*Task statement*:
The data below holds the lines to copy: everything from the line containing "Michiko Kodama now" to the line containing "936x936 Free Vector Pack", both ends included, set down exactly.

*Data*:
--- START ---

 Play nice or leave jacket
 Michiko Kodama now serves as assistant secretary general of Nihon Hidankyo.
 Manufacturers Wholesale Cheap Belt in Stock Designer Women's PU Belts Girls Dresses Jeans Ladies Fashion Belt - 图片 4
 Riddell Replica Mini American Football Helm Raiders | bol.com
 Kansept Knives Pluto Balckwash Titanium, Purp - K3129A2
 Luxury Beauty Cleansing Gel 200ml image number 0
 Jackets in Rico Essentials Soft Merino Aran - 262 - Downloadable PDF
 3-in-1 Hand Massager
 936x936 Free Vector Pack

--- END ---
--- START ---

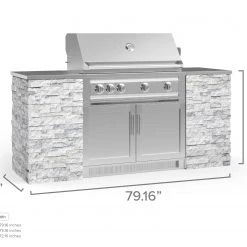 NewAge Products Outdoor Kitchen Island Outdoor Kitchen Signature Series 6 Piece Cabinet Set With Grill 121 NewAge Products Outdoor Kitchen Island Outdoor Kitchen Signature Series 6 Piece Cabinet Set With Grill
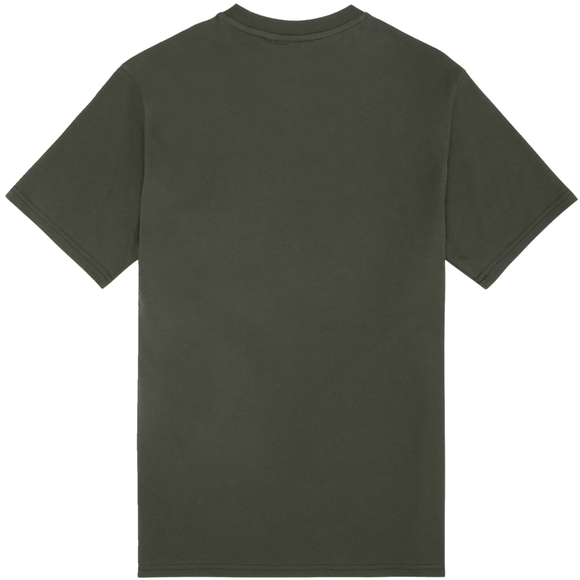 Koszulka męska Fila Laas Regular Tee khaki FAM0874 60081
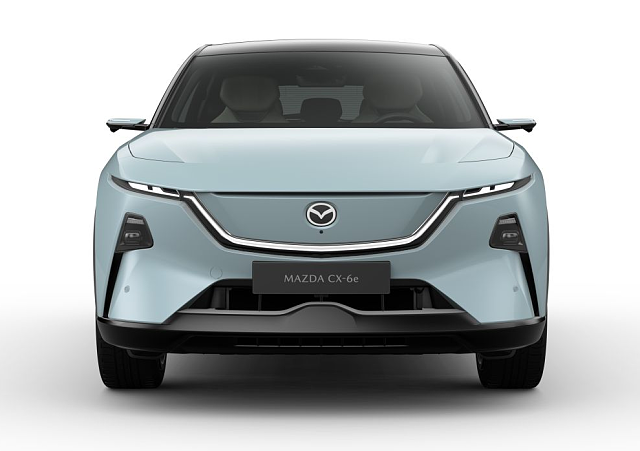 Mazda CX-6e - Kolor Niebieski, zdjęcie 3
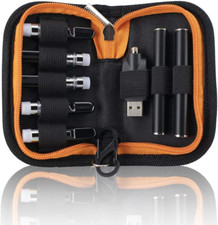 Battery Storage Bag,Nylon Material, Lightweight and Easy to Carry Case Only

--- END ---

*Response to the task*:
 Michiko Kodama now serves as assistant secretary general of Nihon Hidankyo.
 Manufacturers Wholesale Cheap Belt in Stock Designer Women's PU Belts Girls Dresses Jeans Ladies Fashion Belt - 图片 4
 Riddell Replica Mini American Football Helm Raiders | bol.com
 Kansept Knives Pluto Balckwash Titanium, Purp - K3129A2
 Luxury Beauty Cleansing Gel 200ml image number 0
 Jackets in Rico Essentials Soft Merino Aran - 262 - Downloadable PDF
 3-in-1 Hand Massager
 936x936 Free Vector Pack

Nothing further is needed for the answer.